Should your application not be fruitful, we will – upon you have given your consent – store your personal data which you have given us in the course of the entire application process beyond the end of the concrete application process. We will use your data in accordance with your consent in order to contact you and to continue the application process, should you come into consideration for another position.
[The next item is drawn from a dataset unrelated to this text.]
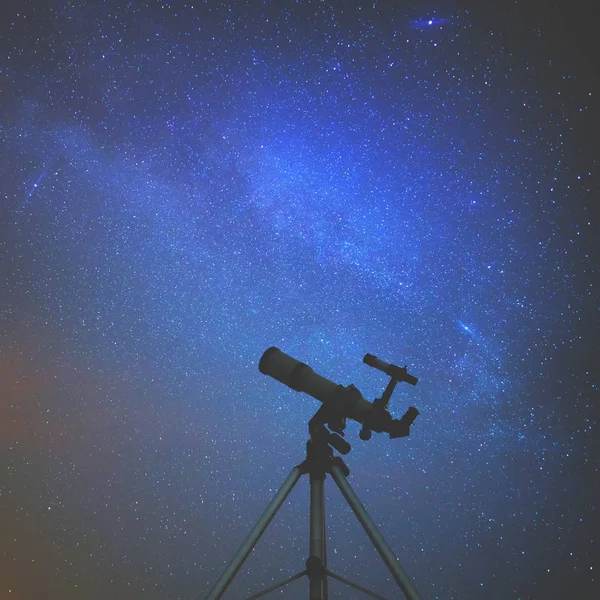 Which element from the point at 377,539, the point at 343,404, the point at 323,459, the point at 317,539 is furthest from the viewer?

22. Explanations regarding the data subjects’ rights
As a user of our website, the data subject is entitled – upon proof of their identity – at any time and free of charge to access the data stored about the data subject and for the purpose of storage (Article 15 GDPR). Apart from that, the data subject has the right to rectification (Article 16 GDPR), right to erasure (Article 17 GDPR), right to restriction of processing (Article 18 GDPR) or right to data portability (Article 20 GDPR). Please feel free to contact us or our Data Protection Officer, lawyer Stephanie Neitzel in writing. In case of an assumed infringement against data privacy rights, the data subject also has the right to lodge a complaint with a supervisory authority (Article 77 GDPR i.c.w. § 19 of the Federal Data Protection Act). The supervisory authority responsible for Nolte Küchen GmbH & Co. KG is the data protection authority of North Rhine-Westphalia.
23. Right to object
According to Article 21 GDPR, the data subject shall have the right to object at any time to processing of personal data concerning him or her which is based on Article 6, para. 1f GDPR (data processing for the purpose of legitimate interest). Full or partial objection can be sent to Nolte Küchen GmbH & Co. KG together with a respective message (per mail or email).
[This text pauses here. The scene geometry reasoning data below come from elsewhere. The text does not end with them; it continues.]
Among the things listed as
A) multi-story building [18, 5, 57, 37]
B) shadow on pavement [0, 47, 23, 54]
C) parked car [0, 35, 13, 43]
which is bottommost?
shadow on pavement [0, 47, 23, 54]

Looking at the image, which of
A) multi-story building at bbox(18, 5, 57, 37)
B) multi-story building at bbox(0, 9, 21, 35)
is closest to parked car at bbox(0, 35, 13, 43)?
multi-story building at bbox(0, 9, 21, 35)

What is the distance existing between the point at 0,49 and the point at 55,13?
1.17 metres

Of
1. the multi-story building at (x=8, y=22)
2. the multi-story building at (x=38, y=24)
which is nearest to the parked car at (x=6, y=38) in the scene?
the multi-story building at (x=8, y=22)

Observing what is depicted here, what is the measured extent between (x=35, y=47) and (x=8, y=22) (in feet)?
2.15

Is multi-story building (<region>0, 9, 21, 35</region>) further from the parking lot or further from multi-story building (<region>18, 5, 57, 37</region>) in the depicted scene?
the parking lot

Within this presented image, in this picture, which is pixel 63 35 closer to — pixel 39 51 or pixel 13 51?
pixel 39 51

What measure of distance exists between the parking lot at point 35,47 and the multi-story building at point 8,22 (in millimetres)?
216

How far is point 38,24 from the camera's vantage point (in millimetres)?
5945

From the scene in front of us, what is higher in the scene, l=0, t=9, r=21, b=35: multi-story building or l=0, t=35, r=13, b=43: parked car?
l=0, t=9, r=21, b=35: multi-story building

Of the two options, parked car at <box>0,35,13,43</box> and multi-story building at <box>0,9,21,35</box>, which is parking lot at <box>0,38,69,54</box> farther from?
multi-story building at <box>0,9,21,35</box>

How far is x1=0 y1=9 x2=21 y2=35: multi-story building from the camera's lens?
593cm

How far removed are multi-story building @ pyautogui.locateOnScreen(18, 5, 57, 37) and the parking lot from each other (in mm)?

If there are no longer mandatory reasons requiring protection for processing outweighing your interests, rights or freedoms or if the processing serves for the enforcement, exercising or defending of legitimate claims, your personal data will no longer be processed if you object to processing.
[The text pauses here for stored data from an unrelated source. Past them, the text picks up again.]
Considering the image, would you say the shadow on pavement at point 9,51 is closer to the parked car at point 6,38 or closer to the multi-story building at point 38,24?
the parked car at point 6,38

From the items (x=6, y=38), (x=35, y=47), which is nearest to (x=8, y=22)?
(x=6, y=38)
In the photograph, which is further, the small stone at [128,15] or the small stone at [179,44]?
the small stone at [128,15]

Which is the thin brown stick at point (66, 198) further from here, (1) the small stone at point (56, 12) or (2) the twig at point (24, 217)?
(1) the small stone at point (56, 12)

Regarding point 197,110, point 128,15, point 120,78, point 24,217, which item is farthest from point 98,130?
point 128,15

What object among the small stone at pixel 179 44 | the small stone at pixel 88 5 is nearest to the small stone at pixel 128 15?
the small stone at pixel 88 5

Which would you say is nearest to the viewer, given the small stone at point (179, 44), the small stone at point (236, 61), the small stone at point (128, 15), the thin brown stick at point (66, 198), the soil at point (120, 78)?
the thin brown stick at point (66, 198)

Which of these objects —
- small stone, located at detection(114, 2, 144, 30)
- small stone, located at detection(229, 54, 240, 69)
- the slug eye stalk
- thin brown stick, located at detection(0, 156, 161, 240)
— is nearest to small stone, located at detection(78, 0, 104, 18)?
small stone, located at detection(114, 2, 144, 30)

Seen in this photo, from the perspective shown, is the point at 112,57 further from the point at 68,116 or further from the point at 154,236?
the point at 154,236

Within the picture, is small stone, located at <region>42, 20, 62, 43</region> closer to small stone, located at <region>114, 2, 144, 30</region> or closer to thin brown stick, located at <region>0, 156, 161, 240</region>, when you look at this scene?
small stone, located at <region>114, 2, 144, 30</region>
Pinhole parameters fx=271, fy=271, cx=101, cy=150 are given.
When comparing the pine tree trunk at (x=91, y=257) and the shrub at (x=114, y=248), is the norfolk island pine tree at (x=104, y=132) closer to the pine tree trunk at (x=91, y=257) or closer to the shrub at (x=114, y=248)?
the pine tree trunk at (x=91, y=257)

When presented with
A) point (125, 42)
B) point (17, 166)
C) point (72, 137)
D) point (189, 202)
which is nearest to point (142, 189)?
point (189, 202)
24. Objection to email marketing
The usage of contact data published within the framework of imprint obligation for the purpose of providing not specifically requested advertisements and information is herewith objected to. The website operators explicitly reserve all legal steps if advertising material, e.g. spam emails, are sent unrequested.
25. Topicality of this Data Privacy Statement
We may amend this data privacy statement to reflect changes in functionalities or legal situations. Therefore we recommend that you check our data privacy notice at regular intervals. Insofar as your consent is required or parts of the data privacy statement contain provisions of the contractual relationship with you, amendments will only be made with your approval. Below you get a short overview of the latest changes we have made:
- Adding sections 21 and 22
- Adaptation to the requirements of the General Data Protection Regulation of the EU
- Since 22.01.2019 Google Ireland Limited is legally responsible for the Google services.